Tikipunga Protestant Children’s Home — once the last privately-owned establishment of its type in New Zealand— has made numerous grants to charitiesaround Northland in support of disadvantaged children.
It has given away almost all its money and is left with $22,937. If liquidated, the home would use this fund to pay legal and accounting fees. It proposes that any balance be donated to CCS Disability Action.
In 1925, Mr and Mrs Frederick Seymour Potter established and funded a trust to purchase an 11-hectare property in Corks Rd, Tikipunga
In 1936, a new deed of trust declared the purpose of the trust to be “for the benefit of orphans and destitute children who must be brought up in the Protestant faith”.

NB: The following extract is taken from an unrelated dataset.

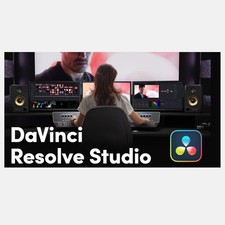 Black magic design davinci - magic,
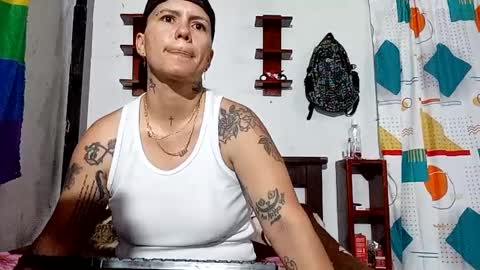 Snapshot of axell_tomboy chatting on September 2025 11:55:02 AM Alexandra online show from September 2025 11:55:02 AM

The home came into existence when the predecessor trust was incorporated in 1939 when the Potters donated more money so that, with a contribution from the local authority, an orphanage was built on the home’s land.
It operated the orphanage, adapting as social conditions changed, until 2012 when it closed because it was too expensive to continue. It was the last privately-owned establishment of its type in New Zealand.

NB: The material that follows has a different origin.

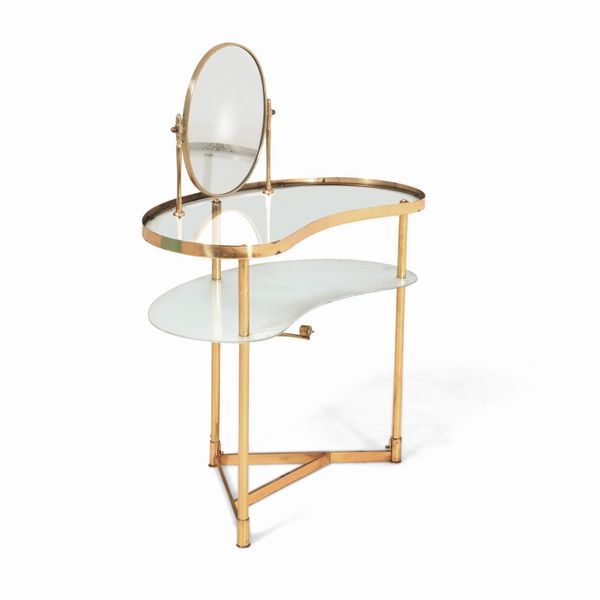 Toeletta.  - Asta Antiquariato del XX secolo - Associazione Nazionale - Case d'Asta italiane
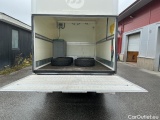  Peugeot  Boxer Chassi Cab 335 BlueHDi 131 L3 Volymskåp #13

The High Court amended the home’s trust deed in 2018 to enable it to sell its assets and use the proceeds “for the benefit of children from disadvantaged backgrounds”.
The home sold its assets and raised about $4.8 million. In addition, it sold land to the Whangārei District Council for $1 and granted WDC for $130,000 to establish a children’s playground, now known as Potter Park.
High Court Judge Timothy Brewer said the home has given away almost all its money and is left with $22,937.
Out of courtesy, the home served the application to be liquidated on the Attorney-General who did not identify any impediment to the application.
“I am satisfied that the home’s capital has reduced to the extent where it is no longer viable for it to continue. I am further satisfied that the home has reached this position through the proper and lawful exercise of its charitable purpose,” Justice Brewer said, while granting the application.